Isabella Angelantoni, like an impatient spider in an unfinished frame
Matteo Guarnaccia
If the cities Marco Polo visited were never the same as those imagined by the Emperor, those presented by the artist Isabella Angelantoni are even more distant than those described by Italo Calvino.
The book serves as a backdrop of words offered to a “donna faber”, who by her very nature is more able to build a city than to discover one in order to protect its poetic and existential metamorphosis. The artist’s delicate “settlements” have nothing to do with archeology or conquests, instead they are like a lovely game of mirrors reflecting the creator/creation, a concept which has previously been interpreted by Didone/Cartagine, Bouctou/Timbouctou, Partenope/Naples. Isabella is like a modern-day Sherezade, and she has taken “that” book, year after year, map after map, stretching it out in her memories and gestures until it becomes a tenuous graphic framework, or a rhythmic and symbolic warehouse, from which she can use new narrative tools to guide us towards a necessary materialism. Isabella has produced a collection of work about memories of the future, evoking Buckminster Fuller and Polynesian Mattang, Mirò and unfinished tapestries, Oskar Schlemmer and shoots of twining plants, Harry Kramer and tracks left in the sand.
Extending Giacometti’s shadow beyond what is visible, Isabella uses a strong and joyful hand to mend a wounded reality. She scratches and caresses space, and with the elegant confidence of an illusionist, she smuggles bouquets of lines across the borders of two and three dimensionality. She outlines absences, and gives shape to autonomous bodies which are poised to free themselves from their generative ideas. Isabella’s drawings of cities play with the sense of potential, they suggest drama and heroic deeds and provide an over-sized sense of paradox.
Isabella was introduced to Calvino’s work at a very young and tender age and embraced the literary device with lightness and has given it space, applying it to a willing utopia. The cities this architect of new worlds has invited us to visit are the fruit of a woman who, while life rushed around her, like a spider, quietly spun her web in the shadows and in all the corners of her heart.
Isabella Angelantoni, come un ragno impaziente nel finito incompiuto
Matteo Guarnaccia
Se “le città visitate da Marco Polo erano sempre diverse da quelle pensate dall’imperatore”, quelle presentate dall’artista sono ancor più lontane da quelle descritte da Italo Calvino. Il libro è solo un paravento di parole offerto a una donna faber – per sua natura più portata a fondare città che a scoprirle – per proteggere le sue metamorfosi poetiche ed esistenziali. I suoi delicati insediamenti non hanno nulla a che vedere né con l’archeologia né con la conquista, ma si riverberano nell’amorevole gioco di specchi creatrice/creato, già interpretato da Didone/Cartagine, Bouctou/ Timbouctuou, Partenope/Napoli.

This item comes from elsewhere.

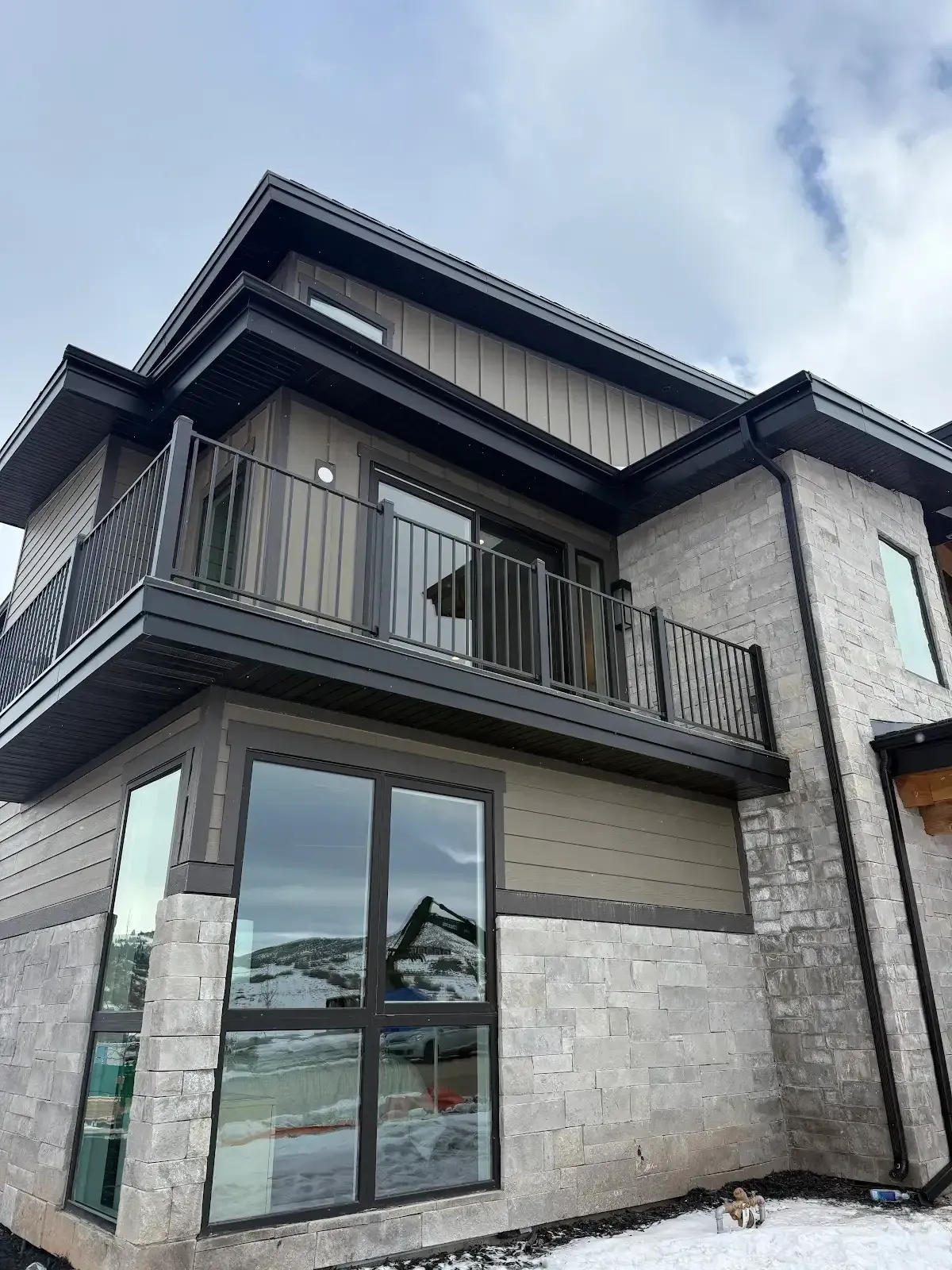 A large house with a balcony and a lot of windows.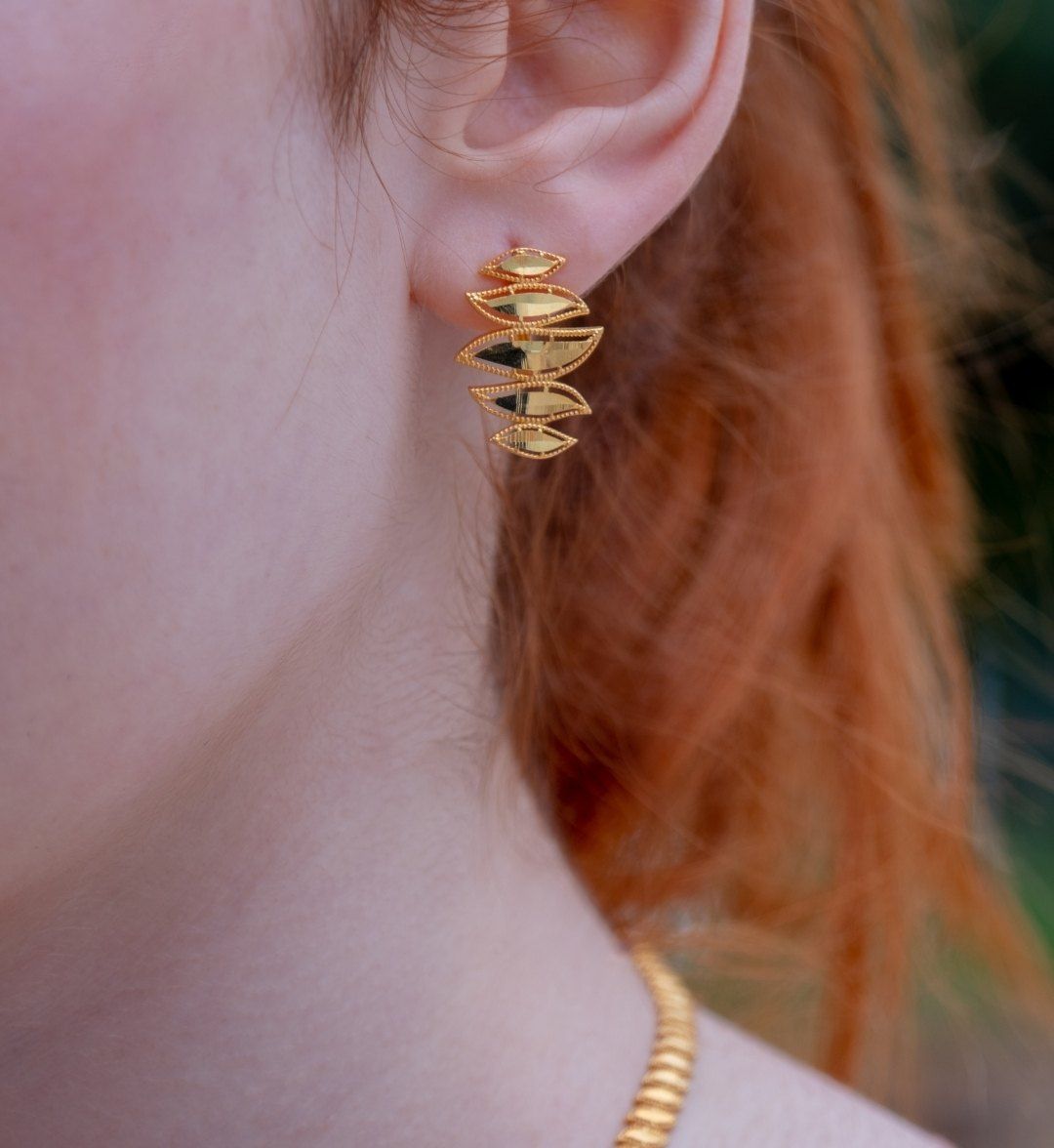 Gold earring of stacked leaf shapes worn on the ear, close-up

Lei, come una moderna Sherazade, ha preso “quel” libro e, anno dopo anno, mappa dopo mappa, lo ha asciugato nella memoria e nei gesti, sino a ridurlo a una tenue trama grafica, a un magazzino ritmico e simbolico, da cui attingere nuovi attrezzi narrativi da convogliare verso un materialismo necessario.
L’artista mette in scena lo spettacolo del ricordo del futuro, tra Buckminster Fuller e i mattang polinesiani,
Mirò e i lavori a maglia mai portati a termine, Oskar Schlemmer e i butti del convolvolo, Harry Kramer e le tracce lasciate sulla sabbia dal passaggio di un coleottero. Prolungando le ombre di Giacometti ben oltre il visibile, Isabella rammenda con mano ferma e felice la realtà ferita. Graffia e accarezza lo spazio, contrabbandando, con l’elegante confidenza di un illusionista, bouquet di linee oltre la frontiera tra bidimensionalità e tridimensionalità.
E traccia assenze, dà corpo a entità autonome, pronte a staccarsi dal suo pensiero generativo.
Le sue città, appena schizzate, giocano con la latenza, suggeriscono drammi e imprese eroiche, offrono
spazi fuori misura al paradosso.
Esposta sin dalla più tenera età all’opera di Calvino, lei ha accolto l’artificio letterario con leggerezza e ha saputo “dargli spazio”, applicarlo a un’utopia volenterosa. Le città in cui la nostra progettista di mondi ci invita a sostare, sono il frutto del lavoro di una donna che, mentre la vita scorreva tutt’intorno, “come un ragno silenzioso ha filato la sua tela nell’ombra, in tutti gli angoli del suo cuore”.